Homogeneous Equations in Two Variables - Practice Questions & MCQ

Homogeneous Equations in Two Variables

Homogeneous equations are those equations where each term has the same degree of variable terms.
The equation $a x^2+2 h x y+b y^2=0$ is a homogeneous equation of second degree.
It always represents two straight lines passing through the origin.
The given equation is :

$
a x^2+2 h x y+b y^2=0
$
Divide the equation by $x^2$

$
\Rightarrow \quad a+2 h\left(\frac{y}{x}\right)+b\left(\frac{y^2}{x^2}\right)=0
$

now put $\frac{y}{x}=m$

$
\Rightarrow \quad \mathrm{a}+2 \mathrm{~h}(\mathrm{~m})+\mathrm{b}\left(\mathrm{~m}^2\right)=0 \quad \ldots \text { (ii) }
$
If $\mathrm{m}_1$ and $\mathrm{m}_2$ are roots, then

$
\mathrm{m}_1+\mathrm{m}_2=-\frac{2 \mathrm{~h}}{\mathrm{~b}}
$

amd, $\quad \mathrm{m}_1 \mathrm{~m}_2=\frac{\mathrm{b}}{\mathrm{a}}$
Thus, $\mathrm{y}=\mathrm{m}_1 \mathrm{x}$ and $\mathrm{y}=\mathrm{m}_2 \mathrm{x}$ are two straight lines given by Eq. (i)

Real and Imaginary Lines

For equation (ii), if roots $m_1$ and $m_2$ are real, then the lines are also real, and if $m_1$ and $m_2$ are not real (imaginary), then the lines are also not real (imaginary). This depends on discriminant of equation (ii)
Discriminant $=4 \mathrm{~h}^2-4 \mathrm{ab}=4\left(\mathrm{~h}^2-\mathrm{ab}\right)$
1. The lines are real and distinct if $D>0: h^2-a b>0$
2. The lines are coincident if $D=0: h^2-a b=0$
3. The lines are imaginary if $D<0: h^2-a b<0$

Angle between pair of Straight Lines
General equation of pair of straight line is $\mathrm{ax}^2+2 \mathrm{hxy}+\mathrm{by}^2+2 \mathrm{gx}+2 \mathrm{fy}+\mathrm{c}=0$. Angle between the pair of the straight lines is

$
\theta=\tan ^{-1}\left\{\frac{2 \sqrt{\mathrm{~h}^2-\mathrm{ab}}}{|\mathrm{a}+\mathrm{b}|}\right\}
$
 

Homogenization of Second Degree Equation

Consider the general second degree equation

$
S \equiv a x^2+b y^2+2 h x y+2 g x+2 f y+c=0
$
This equation may represent a pair of the straight lines, circle, parabola, ellipse or hyperbola.
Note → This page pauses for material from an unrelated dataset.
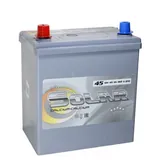 Аккумулятор ULTRA SOLAR BLACK ASIA 45 Ач 360 А (EN), прямая полярность, B19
Now, let's a straight line : $\mathrm{L}=\mathrm{lx}+\mathrm{my}+\mathrm{n}=0$
(2) intersects the curve at two points $A$ and $B$.
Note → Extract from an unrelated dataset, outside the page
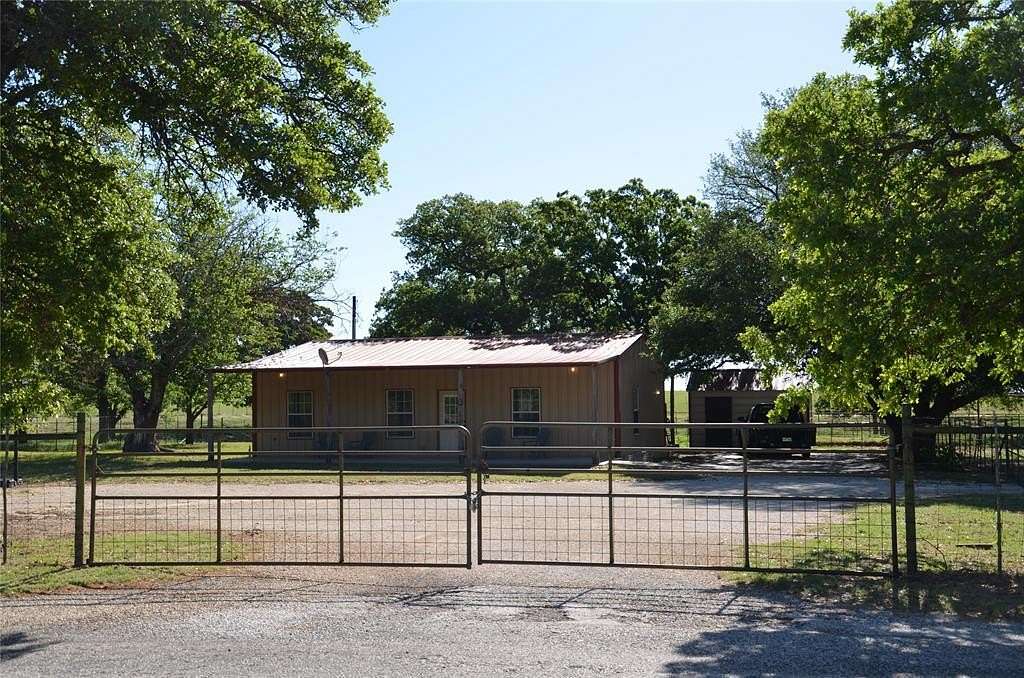 13.2 Acres of Land with Home for Sale in Baird, Texas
The combined equation of pair of straight lines OA and OB must be homogenous and must contain only second-degree terms.
In order to make Eq (1) homogeneous using Eq (2), we can use (2) to writte

$
1=\frac{\mathrm{lx}+\mathrm{my}}{-\mathrm{n}}
$

now, equation of curve is

$
S \equiv\left(a x^2+2 h x y+b y^2\right)+(2 g x+2 f y) \cdot 1+c \cdot 1=0
$

put the value of 1 in above equation, we get

$
\left(a x^2+2 h x y+b y^2\right)+(2 g x+2 f y)\left(\frac{l x+m y}{-n}\right)+c\left(\frac{l x+m y}{-n}\right)^2=0
$
This will give a homogeneous equation of degree 2, and this represents the combined equation of OA and OB.